Евтушенко часто читал свои стихи под памятником Маяковскому. И сам стал памятником — памятником времени, не себе
Евгений Евтушенко часто читал свои стихи под памятником Маяковскому. И сам стал памятником — памятником времени, не себе. Много лет подряд он устраивал сам себе чтения в Политехническом, гоняясь за теми звуками и лицами, которые остались только на кинопленке. Десятилетиями он откликался на каждое крупное политическое событие, играл с кино и рок-операми, на его тексты пелись самые жуткие советские песни вроде «Сережки ольховой» и «Хотят ли русские войны». Его слава прогрессивного советского поэта на Западе позволила ему окончить жизнь в Оклахоме, а память о былой славе тут — получить разрешение на захоронение в Переделкино, рядом с самым великим из возможных соседей по кладбищу — Пастернаком.

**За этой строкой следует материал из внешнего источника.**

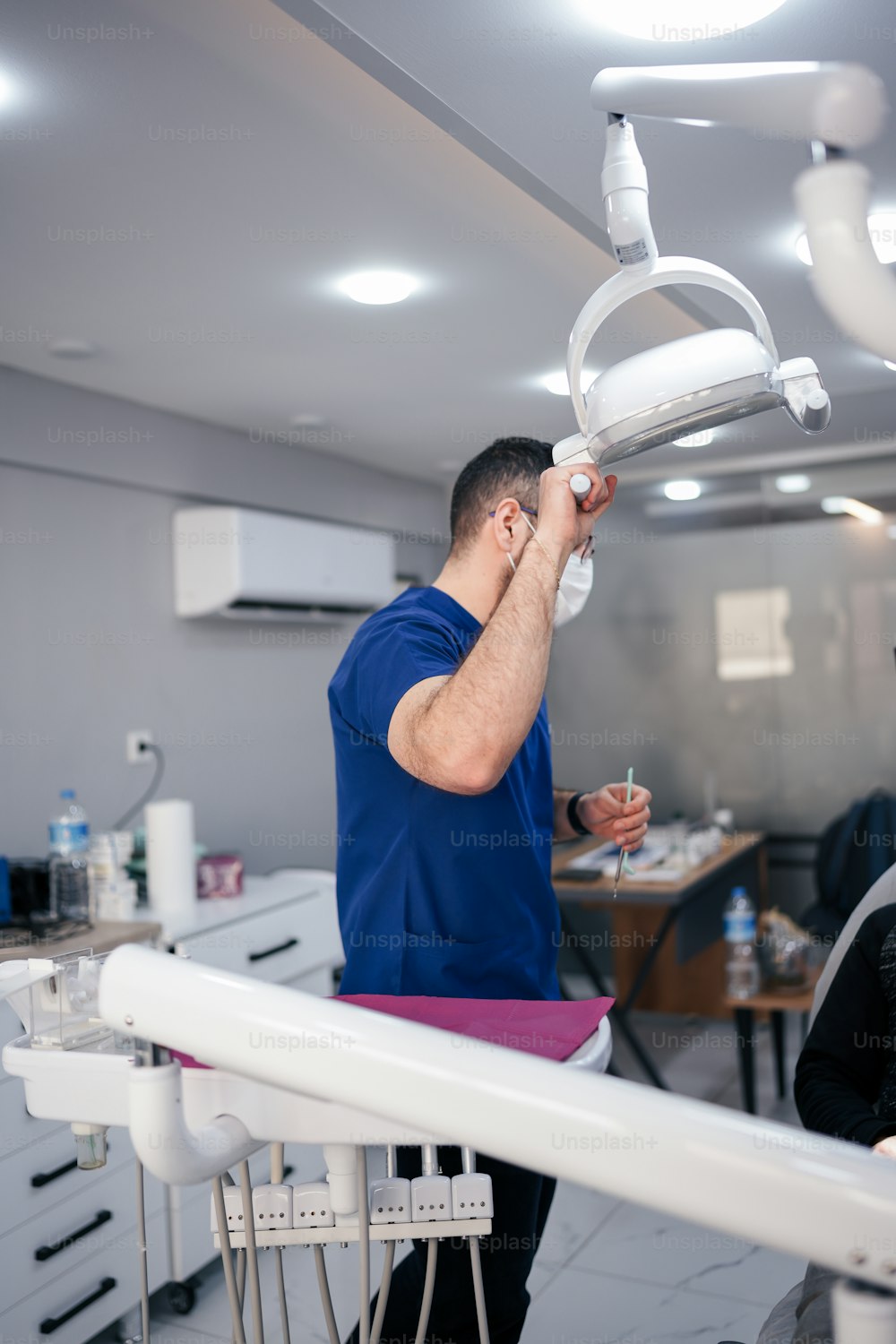 a man standing in a dentist's office holding a light above his head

Но есть в этой фигуре что-то, что заставило нас всех если и не говорить о нем в эти дни, то подумать, почему мы решили смолчать. Он последний из могикан, но ушедших раньше его товарищей — Ахмадулину, Вознесенского, Рождественского — провожали не так всенародно. Он ушел на взлете моды на оттепель, со всеми этими сериалами и выставками. Но вряд ли взрыв эмоций вокруг его кончины можно объяснить только нашими собственными разборками с возможностью исторических аналогий, с осознанием острой необходимости опять разбираться со степенью возможного конформизма и сохранения статуса «приличного человека». Евтушенко был человеком пронзительным. Его манифесты, его колебания вместе с линией партии, его отклонения от той же линии, его поздние многочасовые интервью, его обиды и любови, его вера в себя были именно что пронзительно честны. Так дети искренне верят в одно, а завтра в другое. Он верил, что бывает поэт для миллионов. Лучше всех, с должной паузой написал об этом Анатолий Найман: «Может быть, он в самом деле считал себя посланным судьбой с предназначением. Кем-то между Григорием Распутиным и Сергеем Есениным… Поэтом, сочинявшим простые стихи, утешительные, сводившие толпы на стадионы, направлявшие за собой, как флажки экскурсоводов, короче, находившие дорогу к сердцам тех, кого он называл своим народом. Поэзию, как он и они это явление толковали».